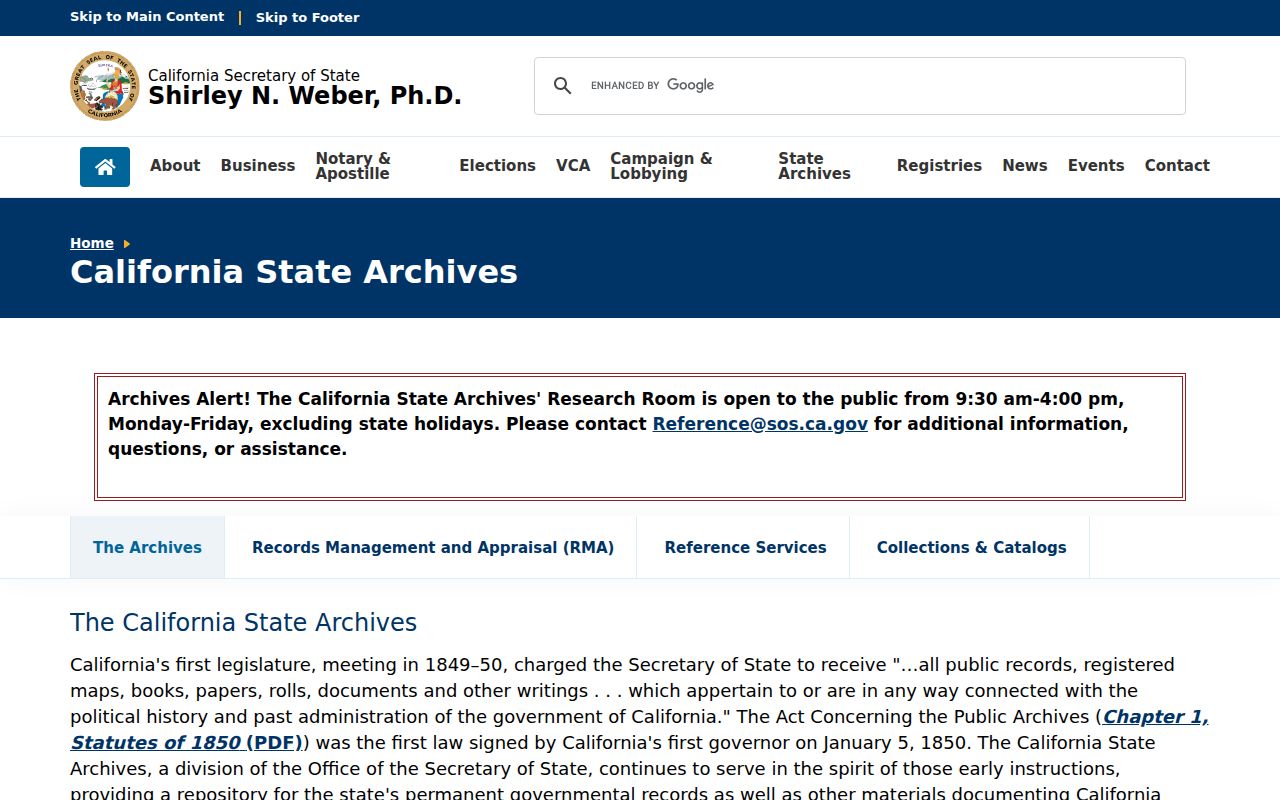 Corona previous residents research at the California State Archives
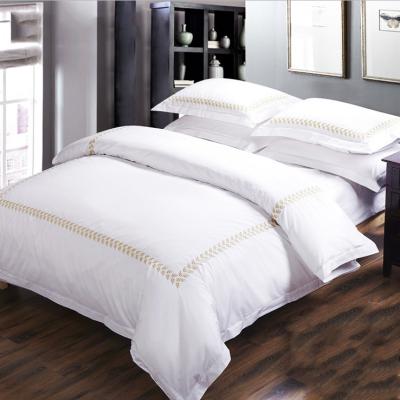 China Disposable Luxury Embroidery Cotton Pure White Hotel Bed Linen for sale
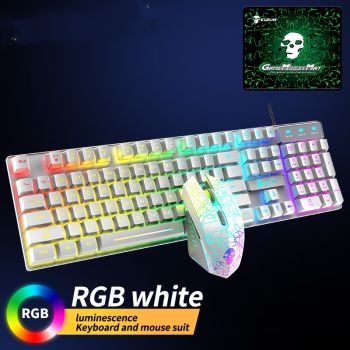 Kuiying T6RGB Luminous Keyboard And Mouse Set - White-RGB glow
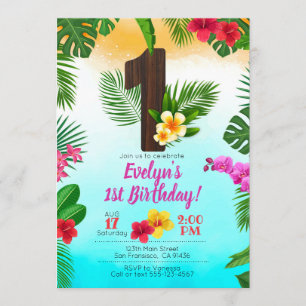 Luau Birthday, Invitation Luau Party 1st Birthday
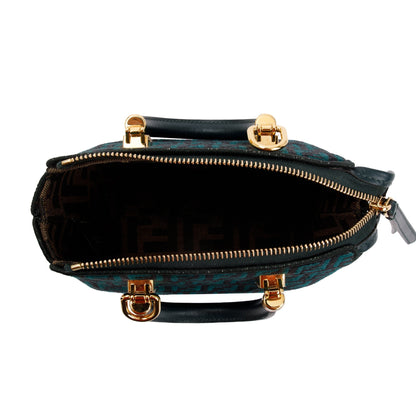 Fendi Green FF Motif Tapestry Fabric By the Way Mini Boston Bag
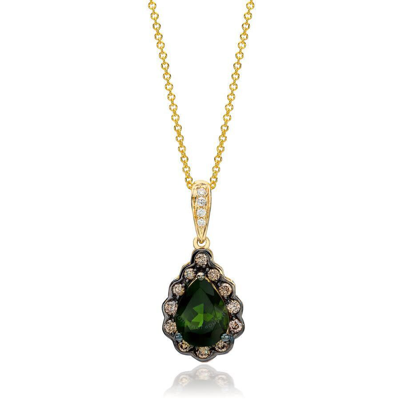 Le Vian Ladies Hunters Green Tourmaline Necklaces Set In 14k Honey Gold In Yellow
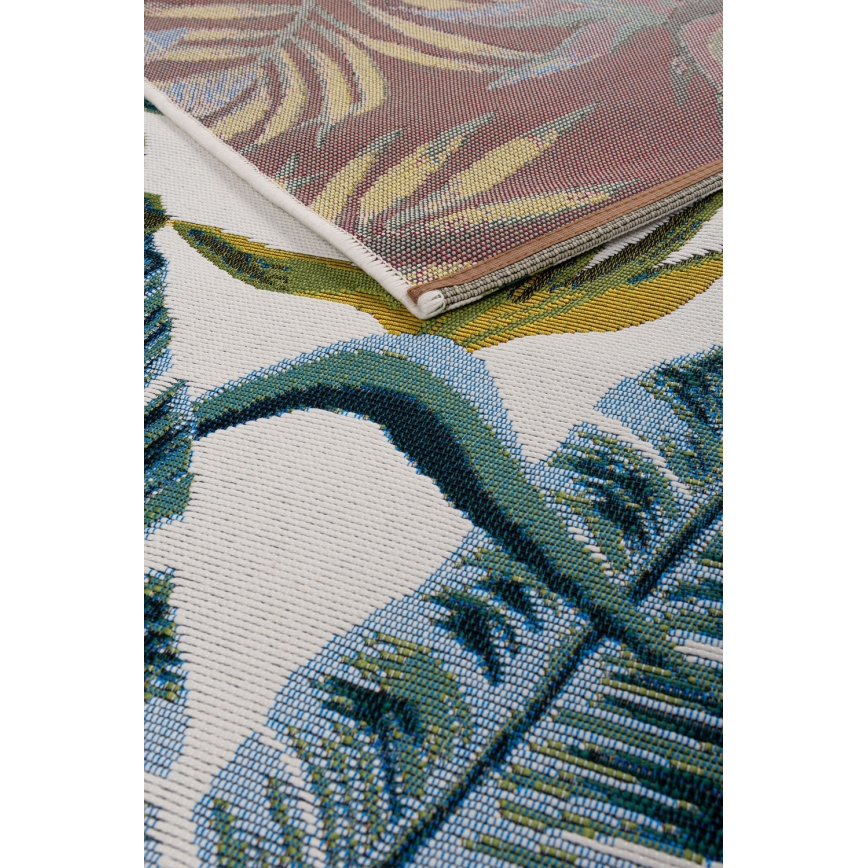 CAPPUCCINO Outdoor Rug 120x180 cm Turquoise/Leaf Pattern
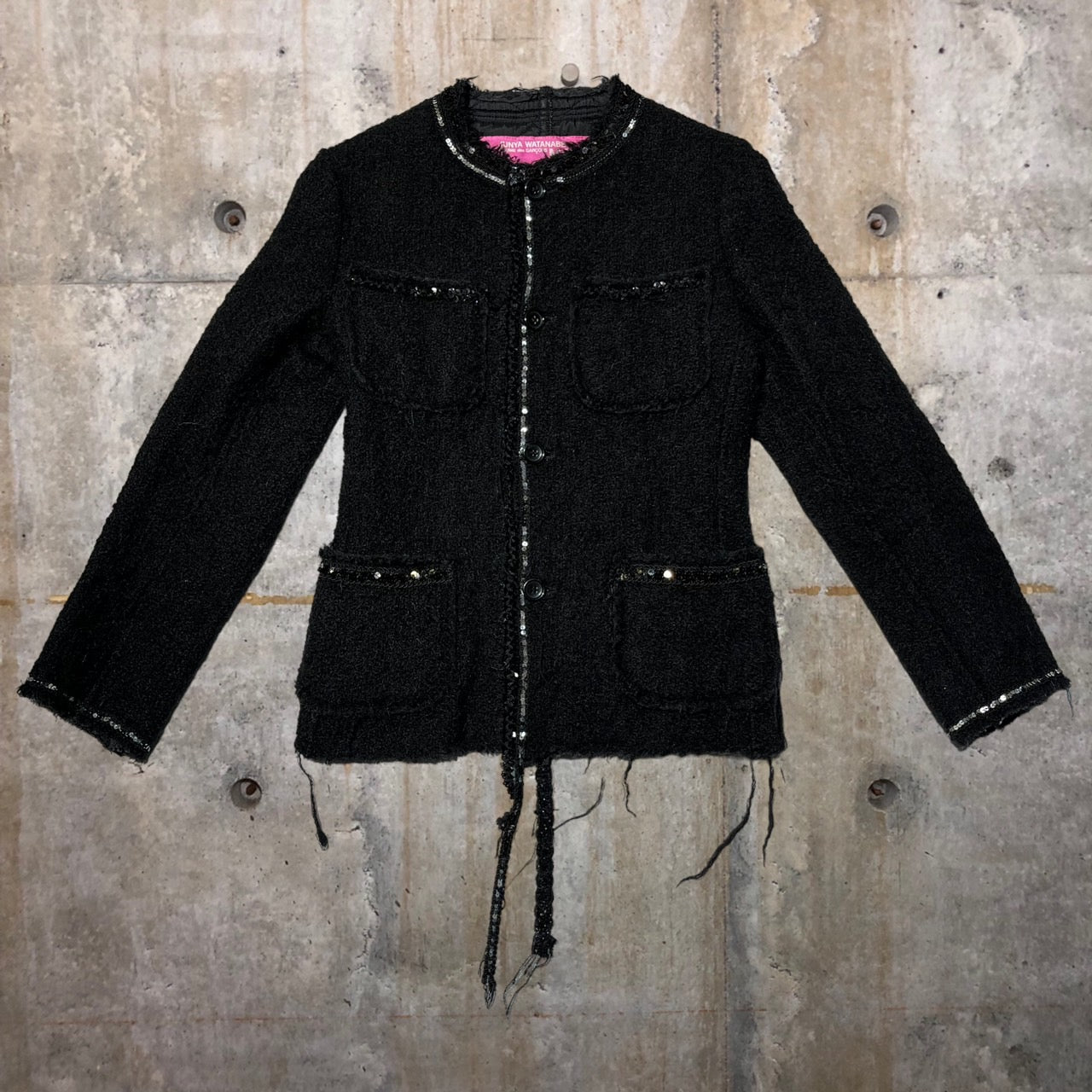 COMME des GARCONS JUNYA WATANABE MAN PINK(コムデギャルソンジュンヤワタナベマンピンク) 05AW sequin tweed jacket/スパンコールテープツイードジャケット/ノーカラーウールジャケット UP-J025 S ブラック AD2005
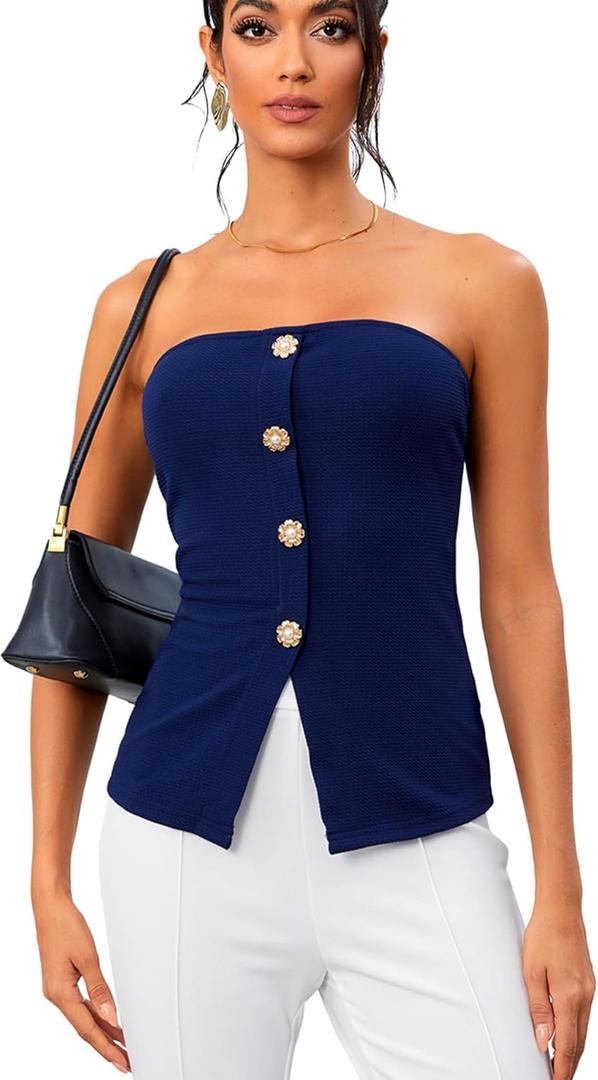 OYOANGLE Summer Going Out Tops for Women 2025 Button Front Sleeveless Strapless Tube Top (Large, Deep Blue)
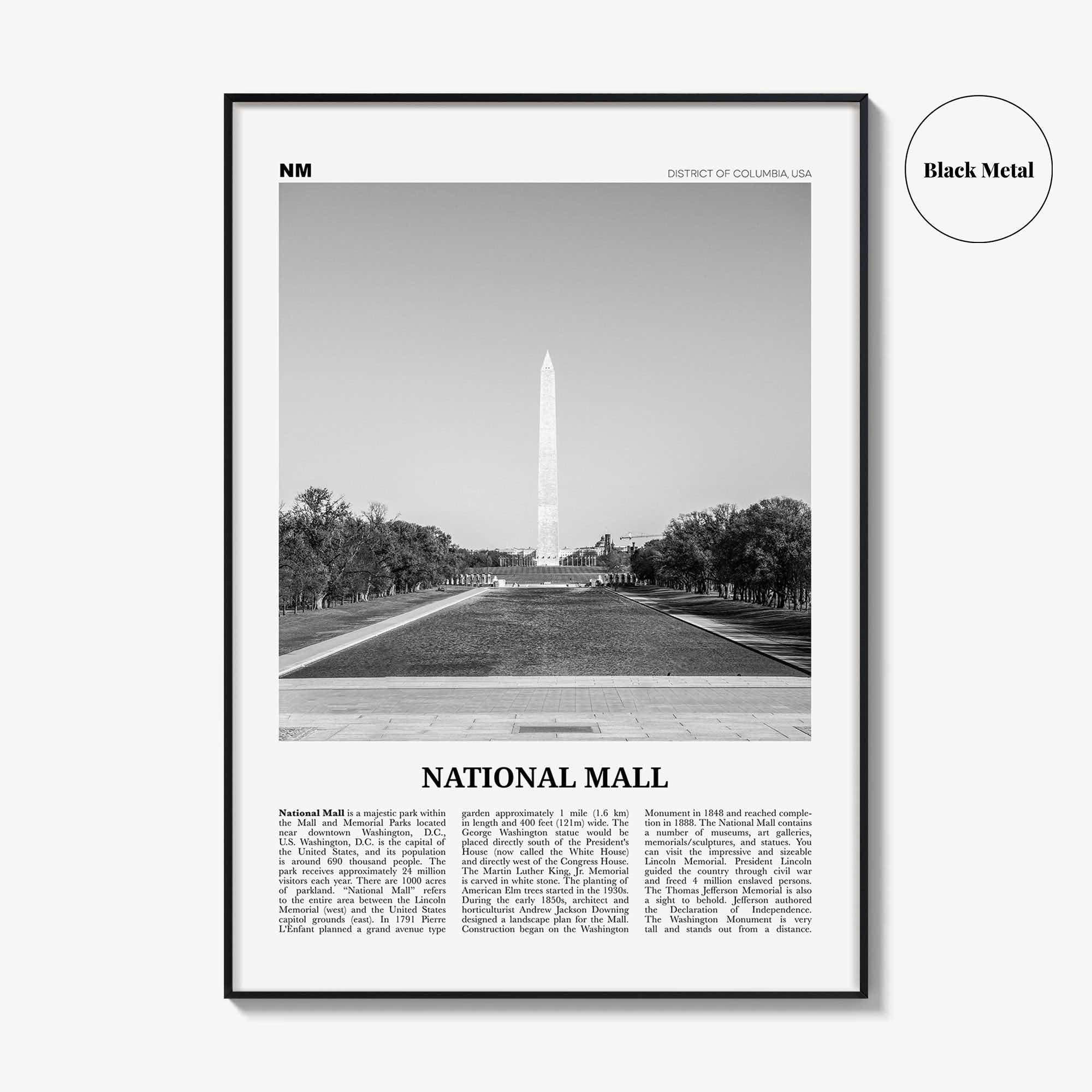 National Mall Print Black and White, National Mall Wall Art, National Mall Poster, National Mall Photo, National Mall Wall Décor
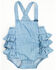 Image #1 - Wrangler Infant Girls' Ruffle Denim Onesie, Blue, hi-res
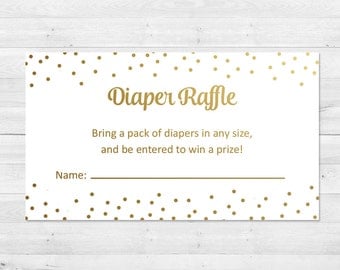 Diaper Raffle Ticket, White And Gold Diaper Raffle Ticket, Gold Diaper Raffle Insert, Confetti Diaper Raffle Insert
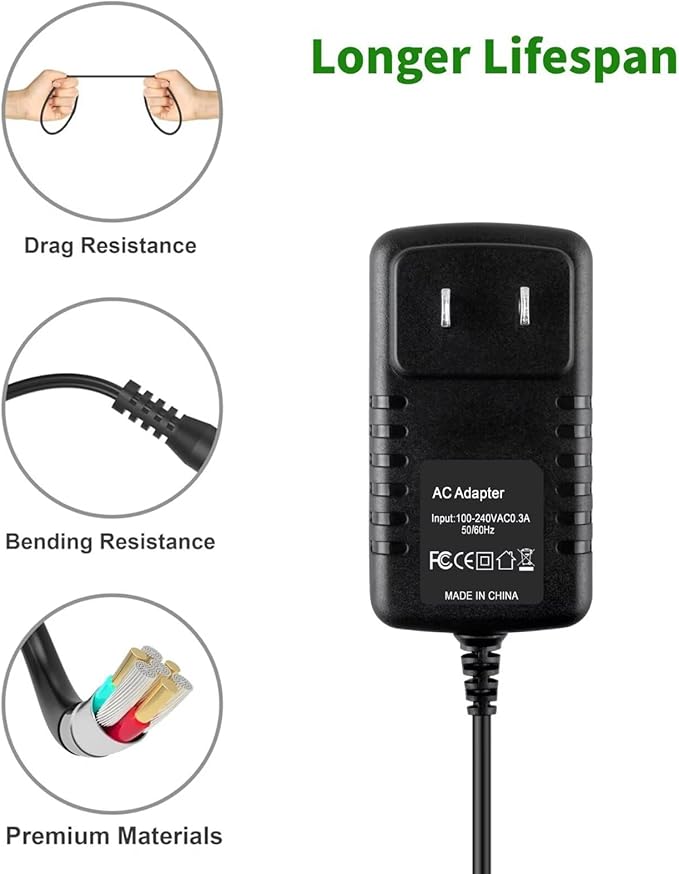 24V AC Adapter Charger Compatible with Govee H6078 RGBIC Floor Lamp LED Wi-Fi App Control Smart lamp Power Supply Cord Mains PSU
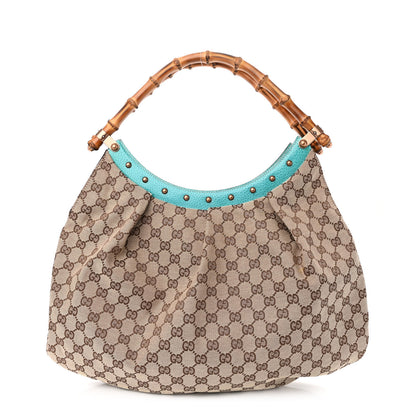 Gucci Monogram Bamboo Top Handle Bag Turquoise 1 of 13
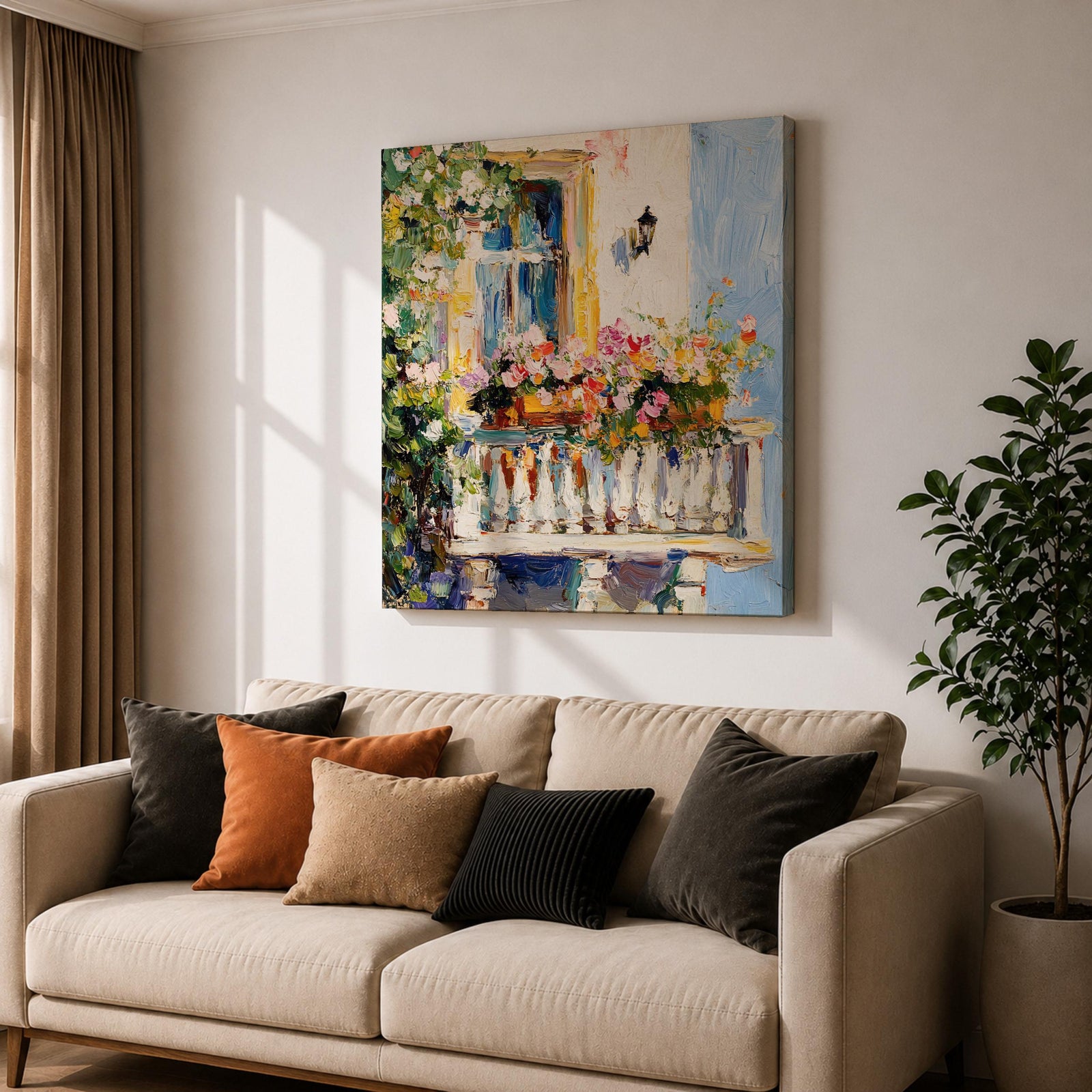 Mediterranean Balcony Wall Art Tuscan Terrace Framed Canvas Rustic Floral Boho Garden Decor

..............................

To do
In the records above, everything from the line with "COMME des GARCONS" down to the line with "National Mall Print" must be duplicated exactly, both lines kept. Leave no pictures in.

Task solution
 COMME des GARCONS JUNYA WATANABE MAN PINK(コムデギャルソンジュンヤワタナベマンピンク) 05AW sequin tweed jacket/スパンコールテープツイードジャケット/ノーカラーウールジャケット UP-J025 S ブラック AD2005
 OYOANGLE Summer Going Out Tops for Women 2025 Button Front Sleeveless Strapless Tube Top (Large, Deep Blue)
 National Mall Print Black and White, National Mall Wall Art, National Mall Poster, National Mall Photo, National Mall Wall Décor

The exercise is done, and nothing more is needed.